Acompanham bem com arroz ou sozinhos, com branco ou tinto, com ou sem pão, quentes ou frios, bem ou mal-amanhados, mais ou menos arredondados, com ou sem rendilhado na ponta… São a coisa mais adorável que se possa imaginar. Estão lá para o que der e vier. Sempre prontos, adaptáveis – e sabemos bem como adaptabilidade é a mais elegível das soft skills perante tudo o que por aí vem –, solícitos, pró-ativos, disponíveis, amigos do seu amigo, humildes, resolutos e determinados, agradecidos com o que quer que se lhes coloque dentro, tudo abraçam com dedicação, com tudo se deitam e deleitam fazendo colherzinha.
Comovemo-nos sempre que falamos de rissóis. Comida honesta. Do povo para o povo. Claro que salpicam tudo, que sujam a cozinha de cima a baixo, que nos queimam os braços e a paciência, que sempre que nos pomos com isso juramos que é a última vez… Por isso, o melhor é comprá-los feitos. Esses ficam sempre bem, louros, bem panados, inchados e vistosos. A cozinha mantém-se limpa, a frigideira a brilhar e os seus braços delicados e hidratados. Isso é de valor incalculável, além do que poupa os pés e as pernas, pois sempre demoram a confecionar, os malandros. Claro que se tem pavor de desperdícios, e tem sobras ou coisas menos boas que queira despachar, não hesite e prepare já uma boa leva de rissóis. Se os convidados torcerem o nariz, simplesmente não merecem o seu respeito. A prova dos rissóis é a mais pura prova dos nove em relação ao caráter de qualquer pessoa.
Ingredientes:
– Coisas boas ou menos boas
– Massa de rissol (está no singular, mas deve dar para o plural)
– Um copo para recortar a massa ou uma daquelas coisas muito úteis que fazem aquele recorte divertido nos rissóis com bom ar
– Azeite ou óleo bem quente
– Escafandro para se proteger dos salpicos do azeite ou óleo ferventes
– Um dia muito bom, para equilibrar a trabalheira
Tempo de preparação:
Uma semana para se mentalizar. Dois dias para preparar tudo. Mais um dia para ganhar balanço. Depois de tudo isto, é rápido, mas depende muito da quantidade da fritura e da potência do fogão e se realmente os confecionou ou se andou vir do café da esquina, ou daquele outro mais central.

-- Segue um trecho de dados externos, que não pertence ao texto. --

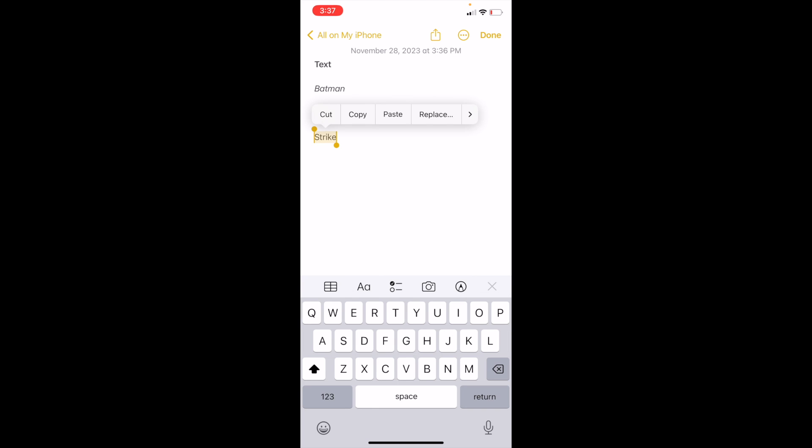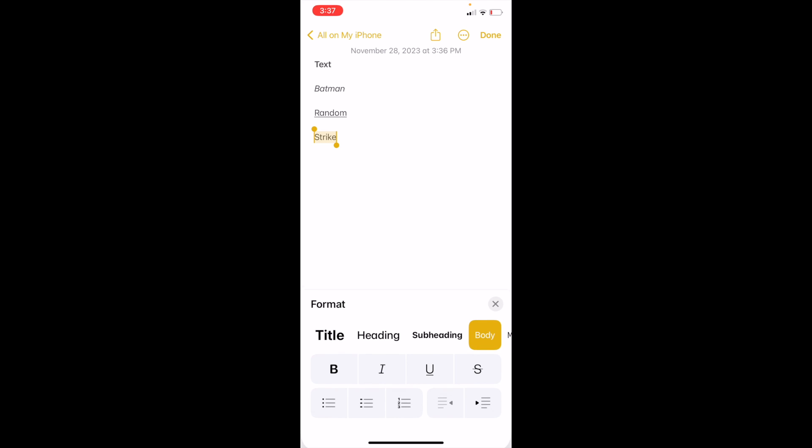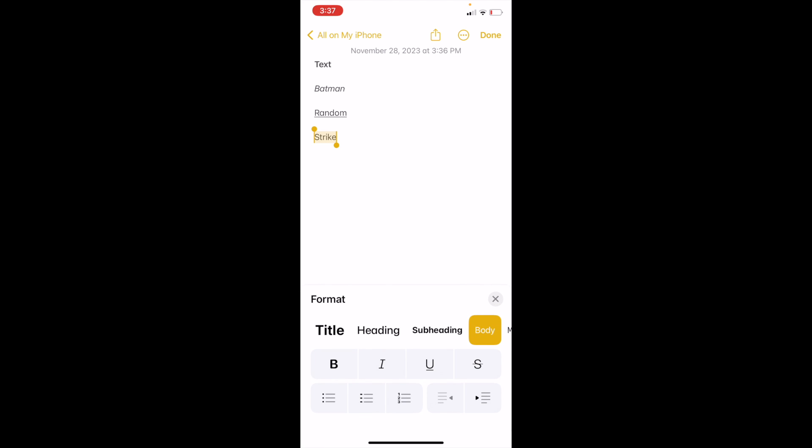Go ahead and press on the capital A and lowercase a to open up the formatting screen. There are four different options: the capital B for bold, the I for italic, the U for underline, and then the S with a line through it. Go ahead and press on the S — that means strikethrough.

O rissol, democrático e popular. Alvo de difamação quando o colocamos no forno, onde resiste e se mostra pálido, com sabor mas nem metade do aroma do tradicional frito. O dia muito bom que o rissol, frito e tradicional, provoca, é gerado por ele próprio, ao dar o pontapé de saída!
Blog bem saboroso, este! Parabéns!
Tão verdade, Ricardo! Ainda bem que gosta de boa mesa. E muito obrigada!